溪姬虽然冲动狂妄,但也并非草包。她听了颖姬的话后觉得颇有道理,于是心不甘情不愿地对祁烟北欠身行了礼,然后随着颖姬一同退下了。
祁烟北一人站在牡丹花旁,想着府中突然多了两个侍妾,心中没来由地生气。
姐姐一死,那个混账东西倒是左娶一个右娶一个,把那个苦命的女子全都抛到脑后去了!
这叫她怎能不恨?怎能不恼?
“王妃?”白雪见祁烟北盯着牡丹花发愣,便喊了她一句。
祁烟北眼睛眨了眨,悠悠地问:“白雪,你看这牡丹花开在这里是不是不太妥当?它旁边都是成簇的带刺玫瑰,娇艳欲滴。就只有它颜色寡淡,花大招摇。所有的玫瑰都瞧它不顺眼,它也只能兀自开着,没有选择。”

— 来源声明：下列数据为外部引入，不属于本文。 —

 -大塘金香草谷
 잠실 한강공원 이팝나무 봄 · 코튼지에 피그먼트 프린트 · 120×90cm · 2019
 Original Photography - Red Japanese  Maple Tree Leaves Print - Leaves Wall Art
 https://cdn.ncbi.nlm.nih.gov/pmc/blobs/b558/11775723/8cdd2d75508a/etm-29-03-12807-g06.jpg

白雪知道主子这话意有所指,但她并不能为主子解忧,于是只能在一旁静静陪着,直到天色逐渐暗了下来。
今夜,沐烨再次去了溪姬房内。
就在溪姬使出浑身解数,觉得沐烨已经在她的掌控之中时,她终于觉得此刻就是最好的时机。于是一边伸出芊芊玉手在男人身上游走着,一边把自己今天在花园里遇见祁烟北的事说与他听。
当然,她省去了自己的过错,而是添油加醋地说了祁烟北很多不对。
沐烨听后,猛地一把抓住溪姬的手,双眸紧紧锁住她的眼睛,眼神凌厉得像两把刀子。
溪姬从未见王爷用这样的眼神望过她,只觉得心里不安,但还是大着胆子说道:“王爷,你、你都弄疼我了?”

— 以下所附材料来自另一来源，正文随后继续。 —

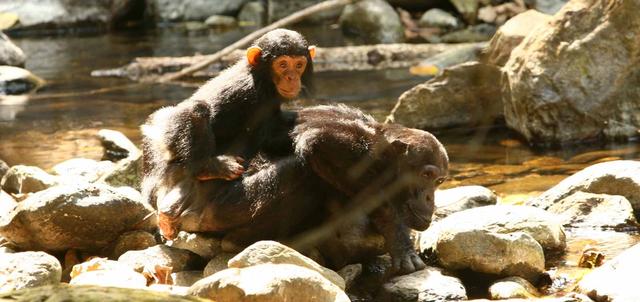 Mbali Mbali Gombe Mbali Mbali Gombe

沐烨恍若未闻,只是一寸寸收紧虎口,凝眉追问:“你再说一遍,王妃说了什么?”
溪姬见王爷都这样问了,便认定他心里恼的不是自己,而是祁烟北的所作所为,立刻欣喜地答道:“王妃说,有她在的一日,就容不得王爷身边有我们这些不三不四的人!王爷您听听,王妃说的这叫什么话?妾身们虽然身份不如她尊贵,但好歹也是皇上亲自赐下的,说我们不三不四,那下旨的皇上成什么了?她这是在诋毁圣意!王爷可得为我和妹妹做主呀,不能让我们平白受了这些委屈去。再说了,哪个男人不三妻四妾?更何况是王爷您这样的姿容相貌,王妃说这番话未免也太不贤德了!”
溪姬心里得意地想,这下祁烟北该自讨苦吃了吧?哪个男人能受得了自己的妻子是个妒妇?
可谁知道,下一秒沐烨便松开她的手出了门,仍由溪姬怎么喊都不回头,只是冷冷地扔下一句:“确实容不下。”

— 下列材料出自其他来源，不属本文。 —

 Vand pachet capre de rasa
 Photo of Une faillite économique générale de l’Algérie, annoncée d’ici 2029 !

沐烨走后,溪姬跌坐在一旁,整个人仿佛被一盆凉水当头浇下,狠狠抽了自己一个大嘴巴。
这王府,她可能是待不下去了……
祁烟北洗漱过后打算安寝,刚一掀开衾被,沐烨就突然推门而入。他脸上还沁着细汗,似乎是急步而来。
“王爷?”
“都下去。”
白雪见到沐烨后,极有眼力见地吩咐其它侍女退下,自己也跟着出去带上了门。
“这么晚了,你怎么来了?”祁烟北面露疑惑,猛地想起今天在后花园发生的一切。
她以为沐烨是为了替他那两个小侍妾讨公道来了,所以已经打起了十二分精神想要同他理论到底。
可谁知道,他只是走近她身边,抬起骨节分明的手划过她如丝缎般的秀发,然后问了个问题:“你不喜欢她们?”
祁烟北小脸白了白,微微点头,“不喜欢。”
“她们,是政治工具。”
简短的几个字,是他原本不需要做的解释。可不知为何,他就是不想让她继续误会。
祁烟北脸上终于有了一丝血色,抬起明亮的眸子看着他,问了个一早就想问的问题:“那你和她们圆房了吗?”
一个完璧女子本来不该问这么不害臊的问题,祁烟北自己问完后脸侧也有些发烫,可还是巴巴地等着他的答案。
男人好看的薄唇浅浅勾起,那宛如钟鼓般的低层嗓音轻轻吐出两个字:“不曾。”
她的心,就像是被什么给撞了一下,然后揪得死紧。
当年,你是否也是这样情深似海的模样,逼得姐姐动了心?
次日,祁烟北醒来的时候只觉得全身酸痛,她破天荒地看见沐烨还在房内。
以往这个时候,他早就上朝去了。